Adverse events (AEs) less common with venetoclax-ibrutinib in FLAIR included blood and lymphatic systems disorders (5.2% vs 31% with FCR) and general disorders or administration site reactions (1.6% vs 5%). More common with the targeted drugs were cardiac abnormalities, such as atrial fibrillation or hypertension (10.7% vs 0.4% with FCR); metabolism and nutrition disorders (4% vs none); and eye disorders (2.4% vs none).
"In a previous part of this trial, we showed sudden deaths and cardiac deaths in the ibrutinib arm," Hillmen said. "This was not seen in this part of the trial and may be because we modified the trial -- during the trial -- to be much more aware of cardiac abnormalities and hypertension."

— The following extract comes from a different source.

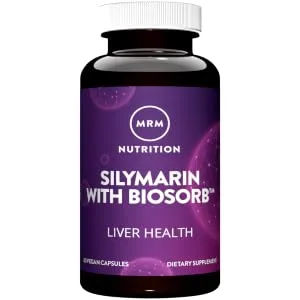 MRM Silymarin with Biosorb 60 Vegan Capsules - product information 4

About twice as many secondary malignancies occurred with FCR compared with venetoclax-ibrutinib (5.4 vs 2.6 per 100,000 person-years). Significant differences included cases of myelodysplastic syndromes/acute myeloid leukemia, a known and often "fatal complication of treatment" with fludarabine-based regimens, said Hillmen.
Disclosures
The study was funded by Cancer Research U.K., with additional support from Janssen and AbbVie.
Hillmen disclosed being employed by Apellis Pharmaceuticals.
Sekeres reported relationships with Geron, Novartis, Kurome, and Bristol Myers Squibb.
Brown disclosed relationships with Loxo/Lilly, TG Therapeutics, Pharmacyclics, Numab Therapeutics, Merck, Gilead, Grifols Worldwide Operations, Kite, BeiGene, iOnctura, Secura Bio, Alloplex Biotherapeutics, MEI Pharma, Pfizer, Genentech/Roche, Abbvie, and Acerta/AstraZeneca.
Primary Source
American Society of Hematology
Hillmen P, et al "Ibrutinib plus venetoclax with MRD-directed duration of treatment is superior to FCR and is a new standard of care for previously untreated CLL: report of the phase III UK NCRI FLAIR study" ASH 2023; Abstract 631.